Now for the real thing (this time also instructing R to provide counts showing the size of each set and intersection, as well as meaningful labels):

overlaps <- c('A' = length(a),
              'B' = length(b),
              'C' = length(c),
              'D' = length(d),
              'A&B' = intersect(a, b) %>% length,
              'B&C' = intersect(b, c) %>% length,
              'C&D' = intersect(c, d) %>% length,
              'D&A' = intersect(d, a) %>% length,
              'A&C' = intersect(a, c) %>% length,
              'D&B' = intersect(d, b) %>% length,
              'A&B&C' = a %>% intersect(b) %>%
                intersect(c) %>% 
              'B&C&D' = b %>% intersect(c) %>%
                intersect(d) %>% 
              'C&D&A' = c %>% intersect(d) %>%
                intersect(a) %>% 
              'A&C&D' = a %>% intersect(c) %>%
                intersect(d) %>% 
              'A&B&D' = a %>% intersect(b) %>%
                intersect(d) %>% 
              'A&B&C&D' = a %>% intersect(b) %>%
                intersect(c) %>% 
                  intersect(d) %>% 

fit <- euler(overlaps)

plot(fit, labels = c('25/04/16', '29/04/16', '04/10/16', '30/03/17'), counts = TRUE)

And there we have it: the code to generate the diagram at the top of this page. Not bad! With increasing numbers of sets of signatories (or sets of any other kind of entity), Euler diagrams quickly cease to be practical or readable, but with four, they work pretty well. Looking at a diagram like the one above, anyone can see at a glance that there are overlaps between the groups of signatories, and — through labelling and approximately proportional areas — also see how great the overlaps are.

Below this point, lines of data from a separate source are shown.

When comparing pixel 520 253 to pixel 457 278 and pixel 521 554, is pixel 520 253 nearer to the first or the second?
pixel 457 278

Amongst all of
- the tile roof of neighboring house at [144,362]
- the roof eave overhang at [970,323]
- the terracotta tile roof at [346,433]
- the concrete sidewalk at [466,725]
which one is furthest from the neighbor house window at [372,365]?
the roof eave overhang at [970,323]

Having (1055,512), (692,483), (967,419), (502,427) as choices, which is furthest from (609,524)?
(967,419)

One problem: you can’t represent all the intersections that exist between the four sets using approximately proportional overlaps between circles. It’s just not geometrically possible, so some of them get left out. One person signed all four, and six people signed two letters whose circles couldn’t be made to overlap, but you can’t deduce either of these facts from the above diagram. This means that the recycling of signatures is actually understated by this approach to visualisation. To overcome that problem, we’d need to give up on circles and use some other shape instead, but the eulerr package can’t do that currently. We could also give up on Euler diagrams and use something else: I’ve used matrices and social network graphs to visualise intersections between larger numbers of sets, for example, but they’re much harder to read and — in any case — they can only show intersections between pairs of sets.

In sum: intersections and unions of sets provide a powerful tool for studying signatories to open letters, and Euler diagrams are a visually effective way of showing that the perception of ‘the usual suspects’ at work is founded in observed reality, even if they can’t show the full extent of the phenomenon.

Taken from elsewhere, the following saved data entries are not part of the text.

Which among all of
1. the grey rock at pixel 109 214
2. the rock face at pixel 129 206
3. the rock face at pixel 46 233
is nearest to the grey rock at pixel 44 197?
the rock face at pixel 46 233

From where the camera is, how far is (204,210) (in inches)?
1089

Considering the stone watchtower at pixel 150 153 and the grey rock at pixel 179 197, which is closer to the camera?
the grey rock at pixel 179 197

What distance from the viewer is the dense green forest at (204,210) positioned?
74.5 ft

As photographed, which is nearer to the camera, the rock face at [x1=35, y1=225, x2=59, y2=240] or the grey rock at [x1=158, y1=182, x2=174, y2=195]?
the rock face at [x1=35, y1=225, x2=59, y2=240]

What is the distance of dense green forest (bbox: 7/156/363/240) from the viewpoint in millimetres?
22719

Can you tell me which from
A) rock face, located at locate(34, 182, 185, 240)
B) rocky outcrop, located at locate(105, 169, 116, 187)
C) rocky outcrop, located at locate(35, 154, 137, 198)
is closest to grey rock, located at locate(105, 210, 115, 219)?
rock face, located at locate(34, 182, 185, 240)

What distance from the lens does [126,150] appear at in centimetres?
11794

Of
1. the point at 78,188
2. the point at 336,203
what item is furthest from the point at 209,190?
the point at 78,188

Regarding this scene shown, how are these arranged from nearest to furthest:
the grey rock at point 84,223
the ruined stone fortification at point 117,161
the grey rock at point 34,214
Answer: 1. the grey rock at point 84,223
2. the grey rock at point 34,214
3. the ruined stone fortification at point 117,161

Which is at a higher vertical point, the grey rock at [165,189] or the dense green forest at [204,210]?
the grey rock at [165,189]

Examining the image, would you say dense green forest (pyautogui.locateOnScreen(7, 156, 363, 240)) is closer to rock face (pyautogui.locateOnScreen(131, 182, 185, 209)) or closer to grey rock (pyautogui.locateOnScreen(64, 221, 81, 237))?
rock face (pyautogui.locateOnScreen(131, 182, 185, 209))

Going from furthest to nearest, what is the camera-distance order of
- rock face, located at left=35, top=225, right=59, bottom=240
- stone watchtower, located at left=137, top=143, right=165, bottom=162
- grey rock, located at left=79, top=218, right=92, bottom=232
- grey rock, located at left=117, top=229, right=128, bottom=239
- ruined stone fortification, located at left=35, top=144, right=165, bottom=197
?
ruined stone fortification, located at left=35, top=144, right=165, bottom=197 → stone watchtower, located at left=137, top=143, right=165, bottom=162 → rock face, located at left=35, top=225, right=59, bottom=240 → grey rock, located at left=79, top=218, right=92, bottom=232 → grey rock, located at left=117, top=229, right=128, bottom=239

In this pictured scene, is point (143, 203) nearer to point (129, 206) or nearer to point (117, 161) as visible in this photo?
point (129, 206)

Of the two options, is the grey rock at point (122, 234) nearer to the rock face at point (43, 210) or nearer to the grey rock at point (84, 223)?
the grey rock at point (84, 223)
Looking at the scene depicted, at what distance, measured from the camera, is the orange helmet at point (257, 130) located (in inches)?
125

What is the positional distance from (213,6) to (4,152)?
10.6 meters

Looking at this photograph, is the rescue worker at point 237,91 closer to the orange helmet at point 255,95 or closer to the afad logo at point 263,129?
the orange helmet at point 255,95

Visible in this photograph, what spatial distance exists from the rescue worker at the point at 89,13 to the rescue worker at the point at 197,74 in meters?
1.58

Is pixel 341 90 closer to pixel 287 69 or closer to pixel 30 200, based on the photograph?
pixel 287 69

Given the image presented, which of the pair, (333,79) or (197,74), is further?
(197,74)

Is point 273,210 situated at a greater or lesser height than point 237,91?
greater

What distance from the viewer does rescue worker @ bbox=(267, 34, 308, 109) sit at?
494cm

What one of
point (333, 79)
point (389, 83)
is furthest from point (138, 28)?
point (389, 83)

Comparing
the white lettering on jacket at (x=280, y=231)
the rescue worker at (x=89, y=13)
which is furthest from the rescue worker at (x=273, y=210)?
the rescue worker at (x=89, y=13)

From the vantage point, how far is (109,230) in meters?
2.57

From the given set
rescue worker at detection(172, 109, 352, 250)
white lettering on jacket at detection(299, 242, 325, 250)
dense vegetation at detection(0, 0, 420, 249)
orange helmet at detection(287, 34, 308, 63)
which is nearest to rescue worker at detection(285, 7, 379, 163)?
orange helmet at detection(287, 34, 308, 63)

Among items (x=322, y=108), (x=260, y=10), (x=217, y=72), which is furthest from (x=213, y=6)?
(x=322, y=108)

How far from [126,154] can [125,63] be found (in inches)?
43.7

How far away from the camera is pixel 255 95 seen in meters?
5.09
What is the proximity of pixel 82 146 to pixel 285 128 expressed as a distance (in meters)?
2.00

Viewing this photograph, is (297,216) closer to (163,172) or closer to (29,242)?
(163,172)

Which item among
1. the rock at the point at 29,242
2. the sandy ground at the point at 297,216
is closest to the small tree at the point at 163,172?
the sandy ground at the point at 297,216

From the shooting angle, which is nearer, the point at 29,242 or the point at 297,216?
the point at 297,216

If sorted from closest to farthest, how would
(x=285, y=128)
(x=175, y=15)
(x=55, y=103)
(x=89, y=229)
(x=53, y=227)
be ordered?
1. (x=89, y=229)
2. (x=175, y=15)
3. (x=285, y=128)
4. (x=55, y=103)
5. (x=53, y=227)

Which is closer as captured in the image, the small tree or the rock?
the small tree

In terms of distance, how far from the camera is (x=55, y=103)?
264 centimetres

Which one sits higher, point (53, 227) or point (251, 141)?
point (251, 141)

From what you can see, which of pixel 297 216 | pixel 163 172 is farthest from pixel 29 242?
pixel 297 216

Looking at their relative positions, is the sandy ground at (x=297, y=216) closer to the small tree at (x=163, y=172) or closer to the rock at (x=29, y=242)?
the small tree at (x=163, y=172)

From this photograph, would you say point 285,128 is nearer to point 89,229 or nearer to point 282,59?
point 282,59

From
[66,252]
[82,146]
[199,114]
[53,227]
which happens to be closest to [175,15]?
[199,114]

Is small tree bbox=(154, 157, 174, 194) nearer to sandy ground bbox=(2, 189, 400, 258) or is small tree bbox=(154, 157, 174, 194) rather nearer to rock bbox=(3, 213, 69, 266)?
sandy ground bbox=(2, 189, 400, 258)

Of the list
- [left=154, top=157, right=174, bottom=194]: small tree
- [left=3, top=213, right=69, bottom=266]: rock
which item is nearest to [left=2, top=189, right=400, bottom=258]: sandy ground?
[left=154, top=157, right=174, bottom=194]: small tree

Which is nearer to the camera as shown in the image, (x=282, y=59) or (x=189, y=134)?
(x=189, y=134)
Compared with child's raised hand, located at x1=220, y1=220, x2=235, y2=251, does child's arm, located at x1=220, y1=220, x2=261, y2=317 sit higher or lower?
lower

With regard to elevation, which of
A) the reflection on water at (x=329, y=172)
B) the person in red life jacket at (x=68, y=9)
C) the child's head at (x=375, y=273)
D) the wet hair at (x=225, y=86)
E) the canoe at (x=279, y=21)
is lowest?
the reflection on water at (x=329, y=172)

Oh, and — before we forget — let’s see an end to the argument that, because some members of a particular community say that X isn’t prejudiced against that community, any accusations of prejudice against it on the part of X must be lies. Because that’s a non sequitur. Diagrams or no.

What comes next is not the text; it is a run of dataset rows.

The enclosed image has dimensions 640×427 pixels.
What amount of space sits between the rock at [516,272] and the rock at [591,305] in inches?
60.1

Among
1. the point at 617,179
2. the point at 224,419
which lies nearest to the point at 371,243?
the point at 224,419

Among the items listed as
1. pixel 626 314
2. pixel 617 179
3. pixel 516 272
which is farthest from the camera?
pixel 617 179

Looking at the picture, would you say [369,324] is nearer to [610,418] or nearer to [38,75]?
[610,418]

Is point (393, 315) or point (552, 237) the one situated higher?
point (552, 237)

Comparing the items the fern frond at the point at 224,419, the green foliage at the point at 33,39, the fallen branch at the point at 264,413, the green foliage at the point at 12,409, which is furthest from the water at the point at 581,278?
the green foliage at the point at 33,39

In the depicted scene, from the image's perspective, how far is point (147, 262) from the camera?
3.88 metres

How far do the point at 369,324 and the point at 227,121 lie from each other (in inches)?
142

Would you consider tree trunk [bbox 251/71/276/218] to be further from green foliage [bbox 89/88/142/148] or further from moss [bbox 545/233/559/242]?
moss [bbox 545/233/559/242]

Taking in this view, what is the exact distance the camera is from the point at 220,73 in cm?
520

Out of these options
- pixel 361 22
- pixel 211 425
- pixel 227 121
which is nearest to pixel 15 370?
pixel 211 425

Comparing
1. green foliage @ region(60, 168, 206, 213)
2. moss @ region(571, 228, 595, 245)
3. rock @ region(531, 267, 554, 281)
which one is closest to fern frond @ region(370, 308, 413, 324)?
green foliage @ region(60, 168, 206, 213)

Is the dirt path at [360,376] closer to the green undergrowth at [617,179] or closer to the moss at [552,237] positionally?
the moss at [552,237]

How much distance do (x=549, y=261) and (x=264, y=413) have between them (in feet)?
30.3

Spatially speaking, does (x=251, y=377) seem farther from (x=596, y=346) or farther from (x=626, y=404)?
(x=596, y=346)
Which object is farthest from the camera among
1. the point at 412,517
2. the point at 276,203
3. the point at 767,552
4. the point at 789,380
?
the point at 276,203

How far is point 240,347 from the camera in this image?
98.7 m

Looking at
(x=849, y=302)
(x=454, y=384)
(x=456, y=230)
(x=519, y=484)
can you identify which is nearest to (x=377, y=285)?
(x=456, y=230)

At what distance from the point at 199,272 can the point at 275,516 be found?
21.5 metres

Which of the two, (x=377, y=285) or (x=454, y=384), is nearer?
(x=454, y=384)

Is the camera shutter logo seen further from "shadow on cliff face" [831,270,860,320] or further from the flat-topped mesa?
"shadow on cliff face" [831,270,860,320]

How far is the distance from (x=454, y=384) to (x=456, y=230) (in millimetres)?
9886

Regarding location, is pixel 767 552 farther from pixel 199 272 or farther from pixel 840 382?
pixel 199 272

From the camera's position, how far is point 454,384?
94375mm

Looking at you, Paul Flynn.

  1. This letter, signed by ‘Jewish and non-Jewish members and supporters of the Labour party’ who opposed attempts to sanction Ken Livingstone for the most recent of his many Jew-baiting outbursts, was organised by the Free Speech on Israel anti-Zionist group and published by the Guardian on 12 April 2017. The version of this letter that appeared in print had just fourteen signatories, some Jewish and some non-Jewish, including several individuals now either suspended or expelled from the Labour Party. The full list of signatories, published only on the Free Speech on Israel website, was much longer, but some individuals appear to have signed more than once (not always under the same name). With no indication that more than a small minority of the total might be Jewish, these signatories could be said to be ‘Jewish and non-Jewish’ in the same sense that Donald Trump’s overwhelmingly male cabinet could be said to be composed of ‘women and men’. Drawing attention to the Jewishness of some of the signatories was a self-defeating attempt to create the impression of a popular Jewish movement in support of Ken Livingstone.